Later, I told the same story to my Monday afternoon class. I was encouraging them to use English to describe their favorite books. I asked them in the last few minutes of class if they wanted to hear the story of my favorite book. I immediately heard a unified seventeen voices shouting yes – they wanted to hear. It was the same sort of response I’d had from Julia and her friends. When I told my class the story, they listened just as intently. The bell rang, and when I told them I didn’t have enough time to finish, they all shouted, “stay, stay!” So I told them the rest of the story, and I don’t think there was a face in the room that wasn’t looking straight back at me.

It amazed me both times how much a simple story interested them.

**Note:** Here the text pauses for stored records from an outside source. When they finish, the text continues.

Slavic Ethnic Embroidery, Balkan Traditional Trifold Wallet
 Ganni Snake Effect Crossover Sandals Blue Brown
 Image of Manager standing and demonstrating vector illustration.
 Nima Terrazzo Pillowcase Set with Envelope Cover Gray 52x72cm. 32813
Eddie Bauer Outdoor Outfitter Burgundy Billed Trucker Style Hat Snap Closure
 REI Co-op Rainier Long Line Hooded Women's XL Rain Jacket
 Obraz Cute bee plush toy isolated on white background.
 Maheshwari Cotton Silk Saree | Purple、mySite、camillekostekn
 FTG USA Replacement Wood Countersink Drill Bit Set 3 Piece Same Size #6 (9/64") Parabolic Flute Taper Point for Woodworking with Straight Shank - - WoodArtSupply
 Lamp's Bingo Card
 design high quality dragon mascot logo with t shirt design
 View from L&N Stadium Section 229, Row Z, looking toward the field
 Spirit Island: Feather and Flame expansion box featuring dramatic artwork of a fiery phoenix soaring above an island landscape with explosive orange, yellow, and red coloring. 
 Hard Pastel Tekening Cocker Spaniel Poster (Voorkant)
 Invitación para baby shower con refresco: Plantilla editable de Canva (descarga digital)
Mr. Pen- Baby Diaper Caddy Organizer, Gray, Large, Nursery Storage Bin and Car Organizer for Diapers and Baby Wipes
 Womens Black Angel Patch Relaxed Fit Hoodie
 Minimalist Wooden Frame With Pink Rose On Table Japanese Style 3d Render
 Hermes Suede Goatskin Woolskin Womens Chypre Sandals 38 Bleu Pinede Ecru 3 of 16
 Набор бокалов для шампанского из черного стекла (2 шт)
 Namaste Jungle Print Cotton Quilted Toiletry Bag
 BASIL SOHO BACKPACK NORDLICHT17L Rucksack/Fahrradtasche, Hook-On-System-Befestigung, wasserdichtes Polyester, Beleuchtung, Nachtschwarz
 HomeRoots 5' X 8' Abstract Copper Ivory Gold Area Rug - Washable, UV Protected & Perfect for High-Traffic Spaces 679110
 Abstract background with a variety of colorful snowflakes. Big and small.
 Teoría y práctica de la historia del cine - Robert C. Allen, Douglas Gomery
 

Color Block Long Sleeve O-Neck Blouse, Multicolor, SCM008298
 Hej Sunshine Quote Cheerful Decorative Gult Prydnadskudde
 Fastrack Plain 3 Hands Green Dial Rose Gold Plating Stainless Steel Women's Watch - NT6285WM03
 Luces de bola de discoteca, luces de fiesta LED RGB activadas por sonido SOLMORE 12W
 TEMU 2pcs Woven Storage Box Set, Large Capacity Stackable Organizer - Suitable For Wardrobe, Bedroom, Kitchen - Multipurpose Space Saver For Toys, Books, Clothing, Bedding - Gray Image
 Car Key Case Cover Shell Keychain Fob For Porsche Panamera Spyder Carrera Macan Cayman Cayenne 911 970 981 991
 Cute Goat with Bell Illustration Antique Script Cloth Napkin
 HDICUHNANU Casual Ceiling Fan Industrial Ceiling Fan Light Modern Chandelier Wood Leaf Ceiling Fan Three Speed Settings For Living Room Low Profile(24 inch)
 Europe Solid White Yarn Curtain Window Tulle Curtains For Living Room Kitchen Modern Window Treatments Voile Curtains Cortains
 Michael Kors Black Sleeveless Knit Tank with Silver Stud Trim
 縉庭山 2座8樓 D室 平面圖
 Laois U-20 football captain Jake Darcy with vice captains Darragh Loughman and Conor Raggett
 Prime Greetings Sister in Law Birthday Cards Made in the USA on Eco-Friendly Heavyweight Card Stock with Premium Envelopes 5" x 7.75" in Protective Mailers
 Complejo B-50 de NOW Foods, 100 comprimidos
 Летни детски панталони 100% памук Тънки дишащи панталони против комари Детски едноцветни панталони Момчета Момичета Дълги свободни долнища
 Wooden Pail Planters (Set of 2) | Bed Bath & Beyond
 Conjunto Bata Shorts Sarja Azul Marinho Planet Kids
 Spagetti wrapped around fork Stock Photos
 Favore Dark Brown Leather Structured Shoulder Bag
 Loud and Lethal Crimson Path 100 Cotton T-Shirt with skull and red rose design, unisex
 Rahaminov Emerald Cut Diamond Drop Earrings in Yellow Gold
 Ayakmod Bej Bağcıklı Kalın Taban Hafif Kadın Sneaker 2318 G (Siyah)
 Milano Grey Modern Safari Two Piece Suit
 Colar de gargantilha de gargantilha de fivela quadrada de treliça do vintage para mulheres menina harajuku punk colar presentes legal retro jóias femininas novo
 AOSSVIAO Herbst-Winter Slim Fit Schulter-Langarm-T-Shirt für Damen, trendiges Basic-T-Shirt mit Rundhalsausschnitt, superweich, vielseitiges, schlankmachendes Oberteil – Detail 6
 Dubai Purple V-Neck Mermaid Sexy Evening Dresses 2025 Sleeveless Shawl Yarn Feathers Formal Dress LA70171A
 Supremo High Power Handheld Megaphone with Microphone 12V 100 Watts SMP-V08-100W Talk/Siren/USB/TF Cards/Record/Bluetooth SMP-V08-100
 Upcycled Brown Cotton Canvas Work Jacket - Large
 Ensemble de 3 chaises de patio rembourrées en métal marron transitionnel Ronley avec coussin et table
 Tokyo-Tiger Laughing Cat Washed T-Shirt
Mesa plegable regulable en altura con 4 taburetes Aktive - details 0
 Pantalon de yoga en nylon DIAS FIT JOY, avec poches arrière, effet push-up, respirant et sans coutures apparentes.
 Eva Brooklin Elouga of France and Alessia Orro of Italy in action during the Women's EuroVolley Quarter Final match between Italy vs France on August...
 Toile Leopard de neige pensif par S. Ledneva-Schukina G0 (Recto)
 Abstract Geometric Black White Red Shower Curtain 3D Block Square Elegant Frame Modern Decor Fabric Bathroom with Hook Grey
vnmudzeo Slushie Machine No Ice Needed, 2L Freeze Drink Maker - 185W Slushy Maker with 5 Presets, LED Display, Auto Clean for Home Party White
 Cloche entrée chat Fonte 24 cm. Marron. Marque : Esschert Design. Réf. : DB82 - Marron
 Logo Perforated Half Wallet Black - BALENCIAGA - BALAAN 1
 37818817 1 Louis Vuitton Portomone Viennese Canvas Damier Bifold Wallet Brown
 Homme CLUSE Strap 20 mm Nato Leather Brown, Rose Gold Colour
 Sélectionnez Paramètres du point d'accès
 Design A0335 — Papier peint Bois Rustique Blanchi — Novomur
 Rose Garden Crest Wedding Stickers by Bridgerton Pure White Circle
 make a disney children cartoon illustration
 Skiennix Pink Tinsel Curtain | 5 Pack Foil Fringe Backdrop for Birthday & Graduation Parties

Now I’m glad I think I’ve found a way to their hearts.

The first time I tried to get a student to practice English by telling me the story of a favorite book, he was a very low-level student who had come to my room to make-up the midterm exam. His name was Chase, and he understood about one fourth of the things I was saying to him.

Finally, I began my last resort “do you like” questions. Somewhere after sports and food I finally got to books.

“Do you like to read?”

“Yes.”

“Do you like novels?”

“Yes.”

“What is your favorite book.”

A confused expression.

“The one you like the most.”

A smile…then another discouraged look.

“You don’t know the English name?” I said.

He nodded.

I leaned forward and annunciated each word: “Tell me what happens in the book. Tell me the story.”

He looked downcast, and before he could say the dreaded phrase, “My English is very poor,” I hastened to say,

“Is it about a man or a woman?”

At hearing such a simple question, he began to try. I saw in his face that he suddenly thought maybe he could tell me the story.

“It is… about… a man,” he said, ever so slowly. I tried as hard as I could not to look away for a second, to stare straight at his face the whole time he struggled to get the words out. I wanted to act as if it were taking him two seconds to say what really took him thirty.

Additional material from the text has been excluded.